Edirne’nin Lalapaşa İlçesi, dolmen ismi verilen ve asırlarca öncesinden günümüze kadar ulaşan oldukça ilginç yapılara ev sahipliği yapıyor. Toprakta aralıklı şekilde ve yan yana dizilmiş olan büyük yassı taşların üzerine yatay şekilde yerleştirilmiş yassı taşların oluşturduğu yapı, dolmen olarak adlandırılıyor. Söz konusu oluşumların geçmişte mezar olarak kullanıldığı tahmin ediliyor. Lalapaşa’nın merkezinin çok yakınında bulunan ve çoğunlukla köy yollarının üzerinde bulunan dolmenlerin bir bölümü, 1960’lı yıllarda Ord. Prof. Dr. Şevket Aziz Kansu tarafından keşfedilmiş. Kansu Lalapaşa ilçe sınırları içinde bulunan dolmenleri tespit ettikten sonra, toplamda 19 dolmenin fotoğraflarını ve tanımlamalarını raporlayarak yayınlamış. İlerleyen süreçte, Edirne Müzesi de beş farklı dolmen daha tespit etmiş.
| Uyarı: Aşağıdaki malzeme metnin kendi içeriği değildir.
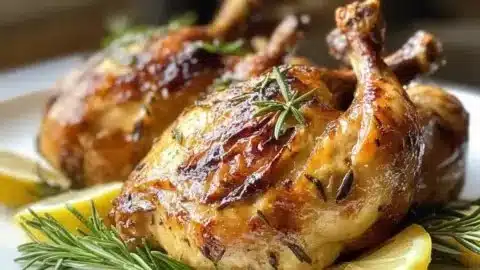 Perfectly roasted Cornish hens garnished with herbs, ideal for elegant dinners.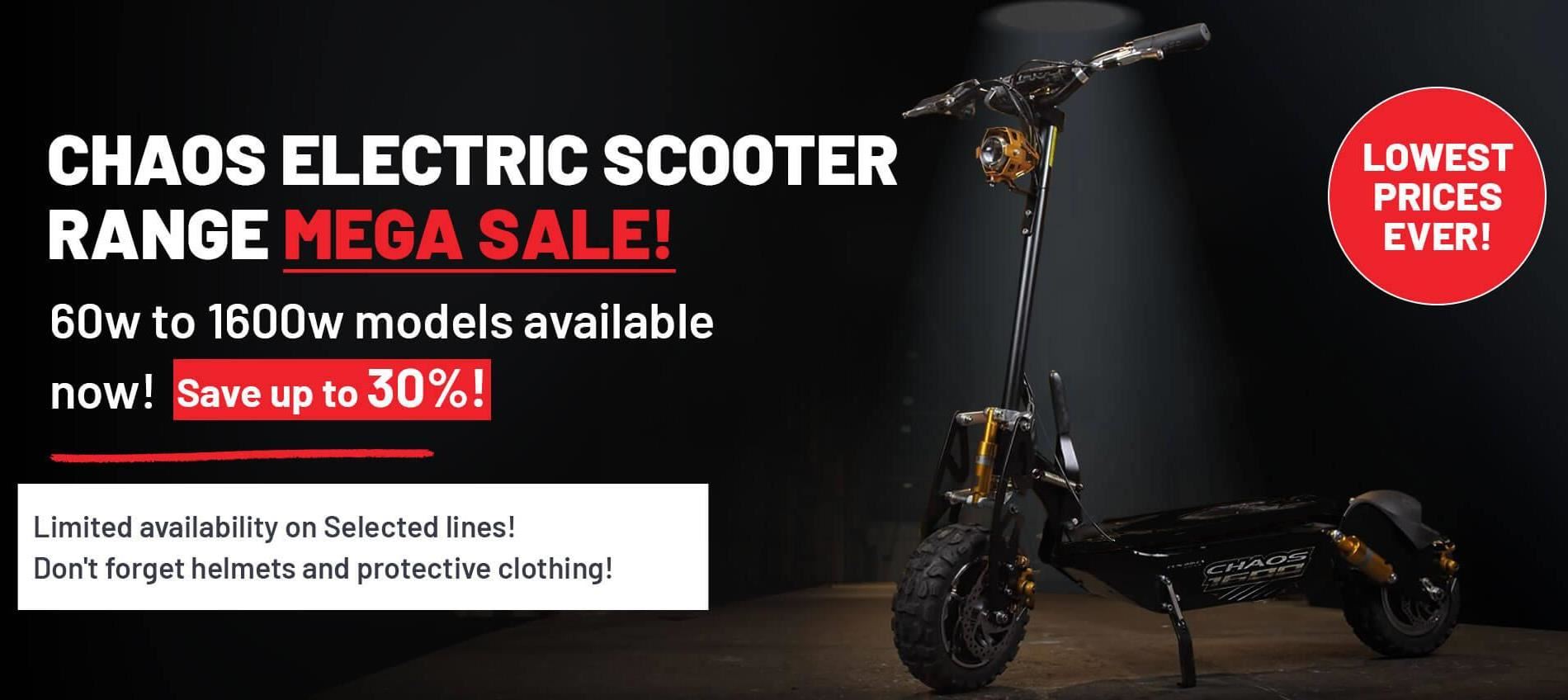 CHAOS ELECTRIC SCOOTER RANGE MEGA SALE!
Tarih öncesinde mezar olarak kullanılan dolmenler, ikisi dikili, üçüncüsü de onların üzerini örtecek şekilde yatay olarak yerleştirilmiş üç büyük taştan meydana geliyor. Trakya ve çevresinde bulunan dolmenler genellikle benzer özellikler sergiliyor. Söz konusu yapıların mezar ve giriş odaları, onları çevreleyen bir tepeden oluşuyor. Dolmenlerin mezar odalarının inşasında 2-3 metre boyutundaki taş blokların kullanıldığı biliniyor.
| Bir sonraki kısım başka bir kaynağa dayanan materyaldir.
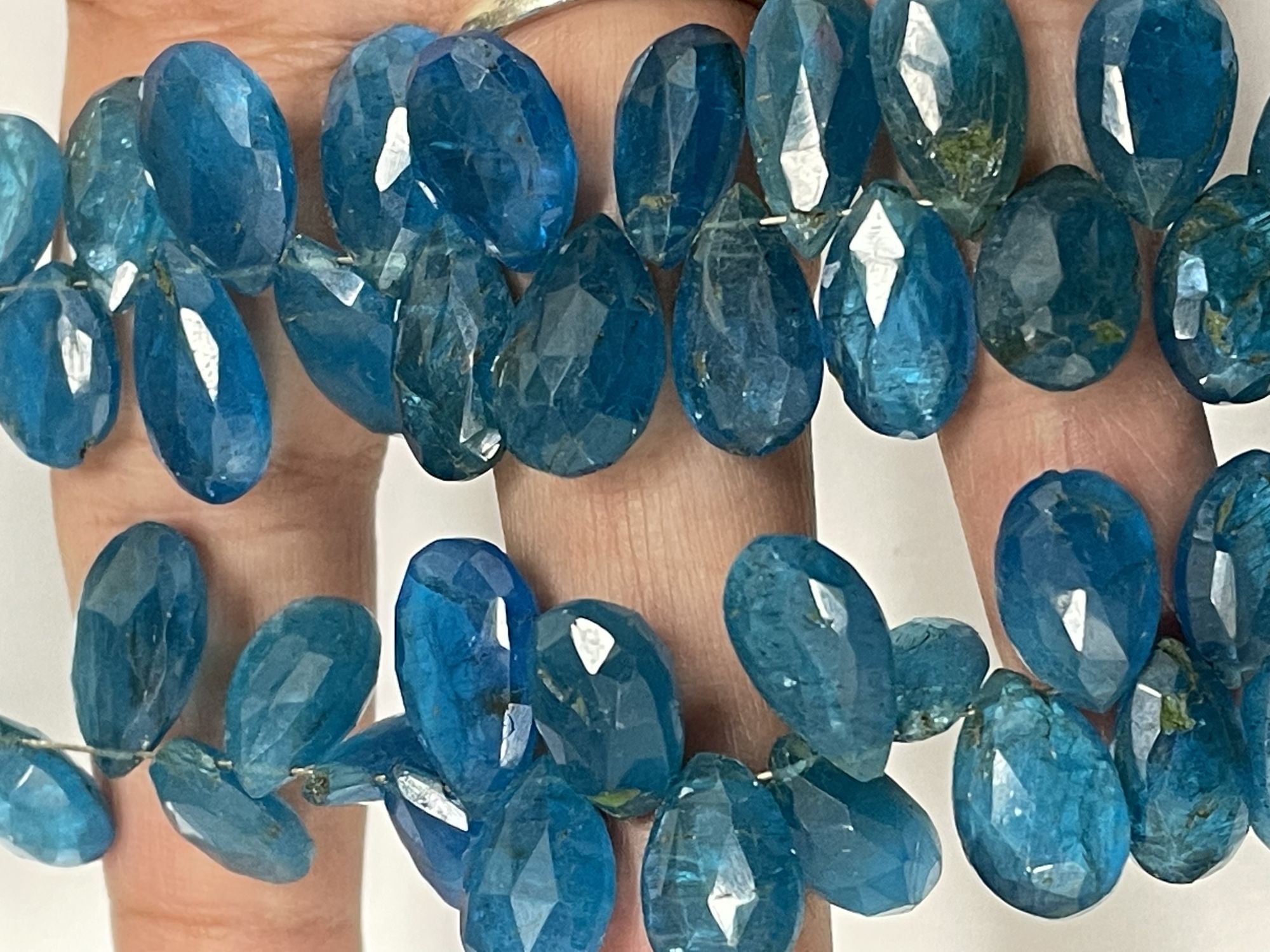 Blue Apatite Pear Faceted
Prof. Dr. Engin Beksaç’ın başkanlığındaki bir ekibin 2004 yılından beri sürdürdüğü ve dolmenler ile megalitik anıtları konu alan çalışma sayesinde, geçmişte bilinmeyen bazı dolmenlere ulaşılmış durumda. Bu çalışmalar dolmenleri çok yönlü şekilde incelediği için son derece kıymetli. Trakya dolmenlerinin Son Tunç Çağı ile İlk Demir Çağı’na geçiş döneminde, yani M.Ö. 1400 ile M.Ö. 900 yılları arasında inşa edildiği düşünülüyor. 1994 yılında Lalapaşa’da gerçekleştirilen bir kazı çalışmasında bir dolmanın içinde insan kemikleri bulunması, bu yapıların mezar olarak kullanıldığı tahminini güçlendiriyor.